Piyasalardaki bozulmanın Ahmet Davutoğlu’nun yetkisini elinden alan AKP yönetim toplantısıyla birlikte başladığını kaydeden bir bankacı, bu süreçte küresel piyasalar o kadar kötü değilken, iç piyasalarda ciddi bozulma yaşandığını hatırlattı. “Çünkü piyasalar yeni kurulacak hükümetle birlikte ekonomi yönetiminde, dolayısıyla politikalarında değişiklik olacağı sinyalini almıştı” diyen bankacı, şimdi de Şimşek’in aynı göreve devam etmesi ile fazla değişiklik olmayacağı mesajını aldığını, korktuğu olmayınca da, AKP krizi öncesi fiyat seviyelerine geri dönmeye çalıştığını ifade etti. Bu iyimserliğin hangi seviyeye kadar gideceğini sorduğumda ise “AKP yönetimindeki kriz öncesi dolar kuru 2.80’lerde, borsa endeksi 85 bin civarındaydı. Şimdi iyileşmenin dolar kuru 2.80 olmasa da 2.85’lere doğru gerilemeye çalışacağını, borsa endeksinin de 85 bin olmasa da buna yakın bir seviyeye ulaşmaya çalışacağını” tahmin ettiğini kaydetti. Çünkü o süre içinde küresel piyasalarda fazla bozulma olmadığını, iç piyasaların çok bozulduğunu, olumsuz ayrışmadan doğan farkı kapatmaya çalışacağını belirtti. Bu tahminlerinin küresel piyasalarda önemli bir değişiklik olmadığı takdirde geçerli olduğunu hatırlatan aynı bankacı, “önümüzdeki süreçte FED’in Haziran ayında faiz artışı beklentisi daha da güçlenirse, o zaman bu eski seviyelere dönmek zaten imkansız olacaktır” dedi.
ERKEN SEÇİM RİSKİ
Mehmet Şimşek’in neden bu kadar önemli olduğu sorusuna ise çeşitli yanıtlar veriliyor. Bir piyasa yetkilisi, “Şimşek tek başına neyi önleyebilir ki?” sorumuza, “En azından piyasa Şimşek’le aynı dili konuşuyor. Sıkıntıları ilettiği zaman anlıyor” yanıtını verdi. “Dinleyebilir ama dediğini yaptırabilir mi? “ sorumuza ise “En azından düzeltmeye çalışacağına inanıyoruz” dedi.

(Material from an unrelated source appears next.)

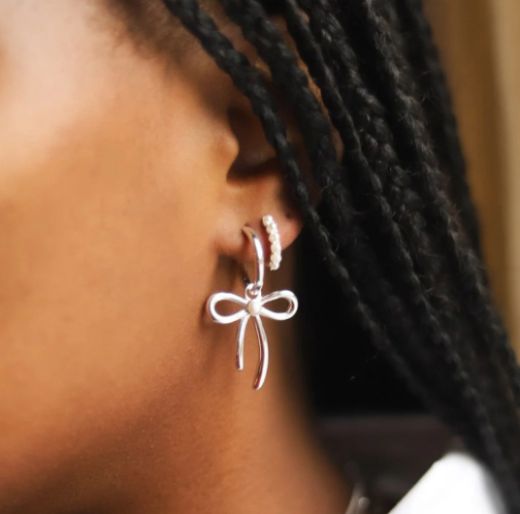 Picture of Daisy Bow Large Silver Drop Earrings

Özetle; piyasalar hükümetin belli olmasıyla birlikte, ekonomi yönetimi ve politikalarında değişiklik kaygılarını unutmuş görünüyor. Başka bir deyişle; siyasi riski kafalarında sıfırladılar, şimdi bu riskin ortaya çıkmasından önceki fiyat seviyelerine geri dönmeye çalışıyorlar.Önümüzdeki dönem yeni siyasi riskler doğabilir mi diye sorduğumuzda hemen hemen tüm piyasa oyuncularından “Piyasada erken seçim en büyük risk olarak görülüyor” yanıtını aldık.
Şu anda bu riskin görüldüğünü ama algılanmadığı, bu nedenle de satın alınmadığını görüyoruz. “MHP Kurultayı olur, Meral Akşener kazanırsa AKP de erken seçime gitmez” diye umutlandıklarını kaydeden bir bankacı, piyasaların bu açıdan MHP içindeki gelişmeleri bile yakından takip etmeye başladığını söyledi.
AB ile ilişkileri sorduğumda ise “Hükümetin buna cesaret edeceğini sanmıyoruz, eğer böyle radikal bir karar alınırsa, bu çok büyük risk olur” diyorlar. Ekonomik risk olarak ise küresel gelişmelerin belirleyici olduğunu, zaten tüm dünyada gevşek para politikası izlendiğini, içeride bütçe açığının artmasının tehlike yaratacağını ama Hükümetin bu yola gideceğini sanmadıklarını söylediler.